Kidneys bearing islet grafts were sectioned in 10 μm thickness and four sections per tissue were randomly chosen for morphometric analysis. Anti-human-insulin and anti-mouse-CD31 antibodies were used to visualise beta cells and blood vessels, respectively. Morphometric analysis was conducted using the ImageJ 1.37v (rsb.info.nih.gov/ij/) program. In islet transplants, the beta cell area was calculated by dividing the insulin-positive area by the graft area. Blood vessel density was calculated by dividing the mouse-CD31-positive area by the graft area . The demarcation of an islet graft was considered to be the parenchyma of the surrounding kidney as described .
Human insulin and mouse glucagon was measured in serum by ELISA and RIA, respectively (Linco, St Charles, MO, USA). Systemic oxidative stress was assessed by measuring the concentration of thiobarbituric acid reactive substances (TBARS) in plasma (Cayman) and kidney homogenates (ZeptoMetrix, Franklin, MA, USA) .
Biotinylated tomato lectin (Vector Laboratories) was injected into the tail vein (200 μg) and allowed to circulate for 5 min before the mice were killed. The kidneys bearing the islet grafts were removed and prepared for histological study. Lectin staining was visualised using the Vectastain Elite ABC kit (Vector Laboratories). Functional blood vessel density was obtained by dividing the lectin-positive area by the graft area.
Data are presented as mean±SEM unless otherwise stated. For the rodent study, data were analysed by either the unpaired Student’s t test or one-way ANOVA. A value of p<0.05 was considered statistically significant.
We investigated the therapeutic action of oestrogens on islet transplantation outcomes. We used male immunodeficient nude mice rendered totally insulin deficient by injection of a single high dose of STZ (200 mg/kg). In these mice, we performed either sham transplantation or xenotransplantation of a marginal dose of human islets (1,000 IEQ) under the renal capsule (PIT). This was followed by treatment with vehicle or E2, leading to serum concentrations within the physiological range (E2 levels: vehicle 68.49±25.5 pg/ml; E2 injection 321.93±77.15 pg/ml), the non-feminising E2 stereoisomer 17α-E2 , the ERα-selective agonist PPT , the ERβ-selective agonist DPN  and the G protein-coupled oestrogen receptor (GPER) agonist G1 . Following PIT or sham transplantation, blood glucose was monitored for 3 weeks. PIT mice treated with vehicle remained hyperglycaemic, but conversely, PIT mice treated with E2, 17α-E2, PPT, DPN or G1 showed a dramatic improvement in blood glucose (Fig. 1a–f) starting 1 day after transplantation.
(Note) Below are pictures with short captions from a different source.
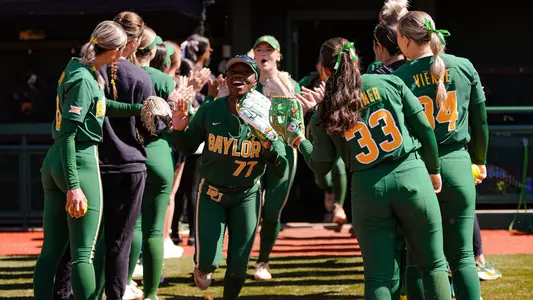 Sa'Mya Jones runs out of the tunnel against Utah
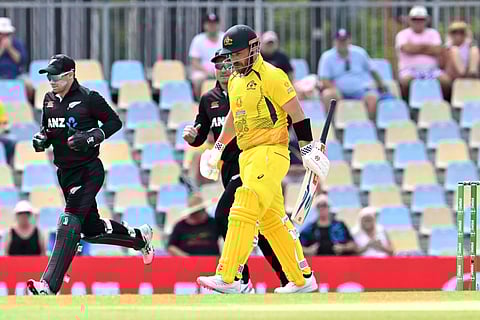 Australia's Aaron Finch (C) walks back to the pavilion after his dismissal during the second one-day international (ODI) cricket match between Australia and New Zealand at the Cazalys Stadium in Cairn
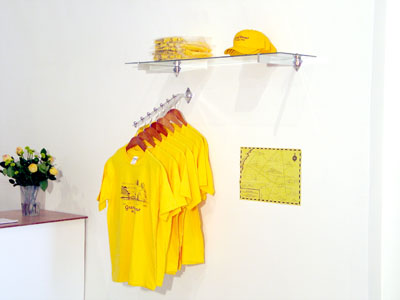 <i>Grand Detour Souvenir Installation</i>, 2006, baseball caps, T-Shirts, maps, Cds, catalogues, hanger, glass shelf and aluminum unit, aluminum store fixture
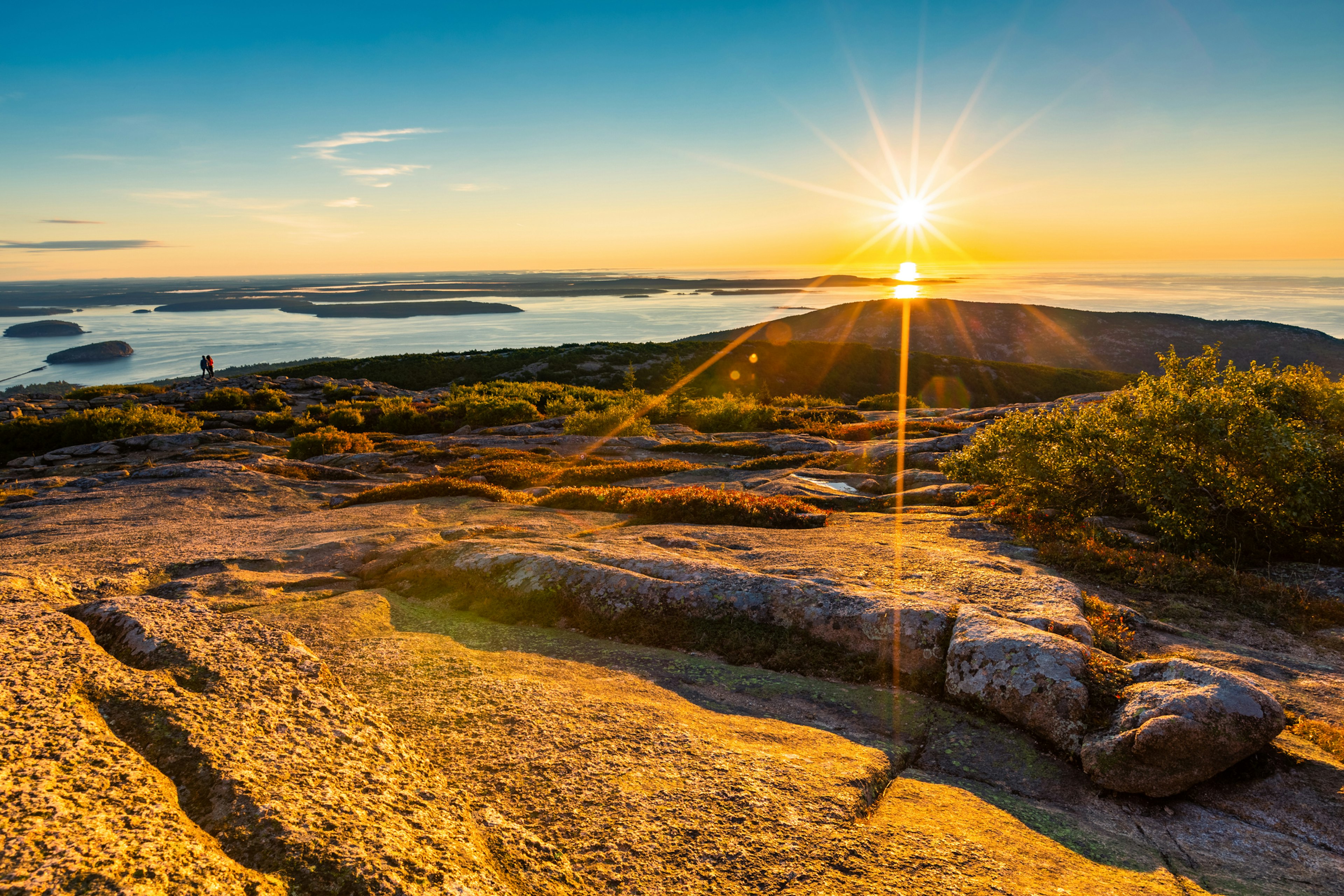 Two people walk along the edge of a mountain ridge as the sun rises in the sky casting an orange glow over the surroundings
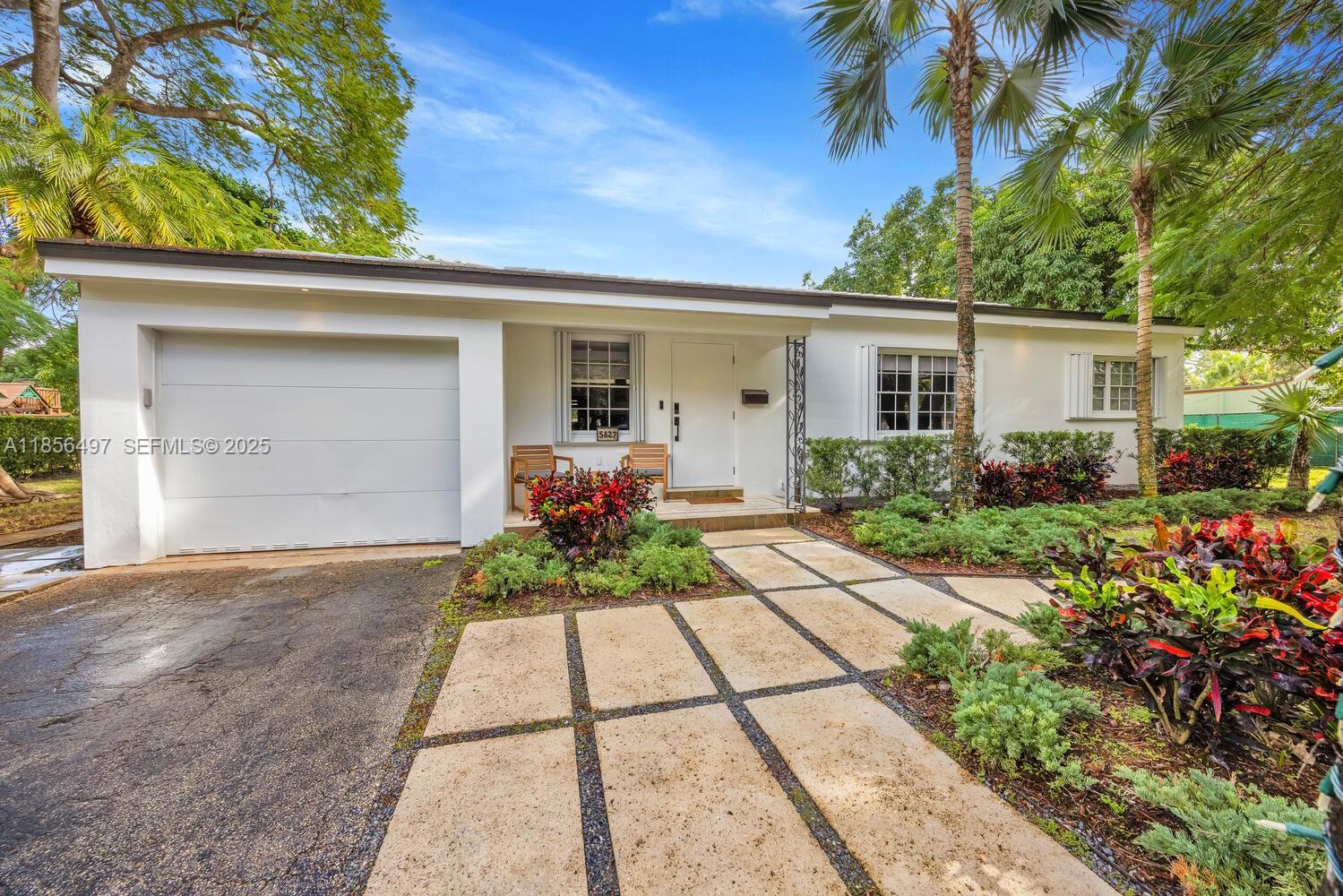 5827 Southwest 69th Court Miami, FL 33143 - Photo 1 of 18 a front view of a house with garden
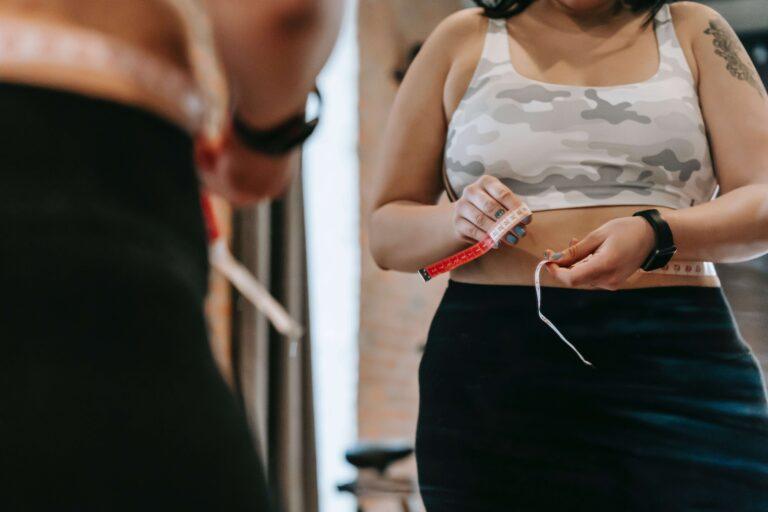 White Woman measuring waistline with measuring tape. Gut health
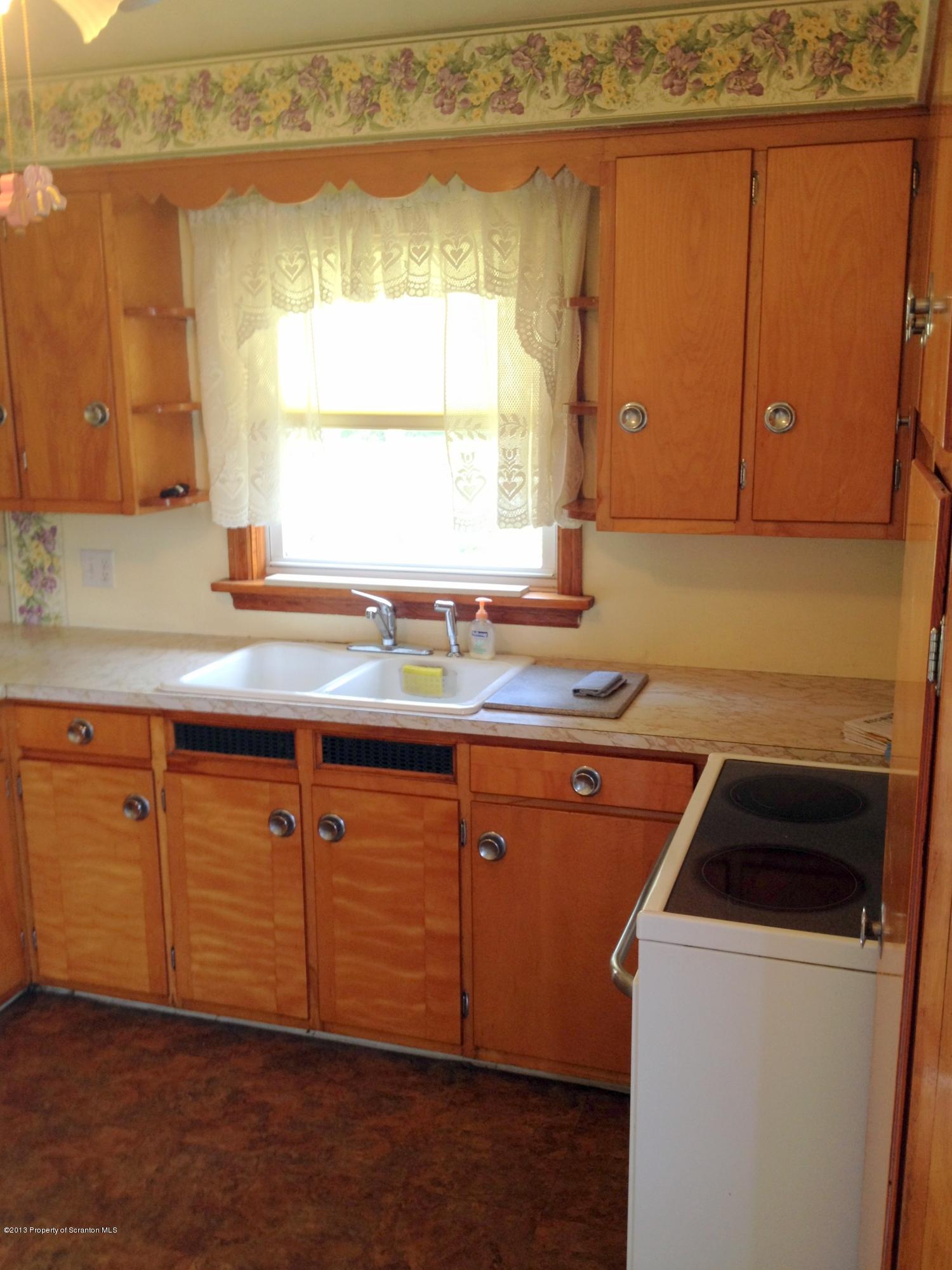 125 Corcoran Street Old Forge, PA 18518 - Photo 9 of 36 a kitchen with granite countertop a sink and a stove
In sham-operated diabetic mice, E2, 17α-E2, PPT, DPN and G1 treatment had no effect on blood glucose (Fig. 1a–f) or body weight (electronic supplementary material [ESM] Fig. 1) compared with vehicle. This finding demonstrated that the improvement in blood glucose by ER agonists required the presence of transplanted human islets. A similar protection of human PIT was observed in female nude mice treated with E2 (ESM Fig. 2), demonstrating that E2 protection is not sex specific. Thus, we performed the rest of the study in male mice.
At 4 weeks after PIT, mice treated with E2, 17α-E2, PPT, DPN or G1 showed protection of islet-graft beta cell mass (Fig. 2a, b) associated with a rise in human serum insulin concentrations compared with vehicle-treated PIT mice (Fig. 2c). Insulin response to i.p. arginine was also increased in the E2- compared with the vehicle-treated mice (Fig. 2d, e). Additionally, the endogenous pancreatic beta cell mass of STZ-treated PIT recipient mice was efficiently reduced and unaffected by ER agonist treatments (ESM Fig. 3). Thus, activation of ERα, ERβ and GPER with oestrogens preserves functional islet mass and reverses diabetes after PIT.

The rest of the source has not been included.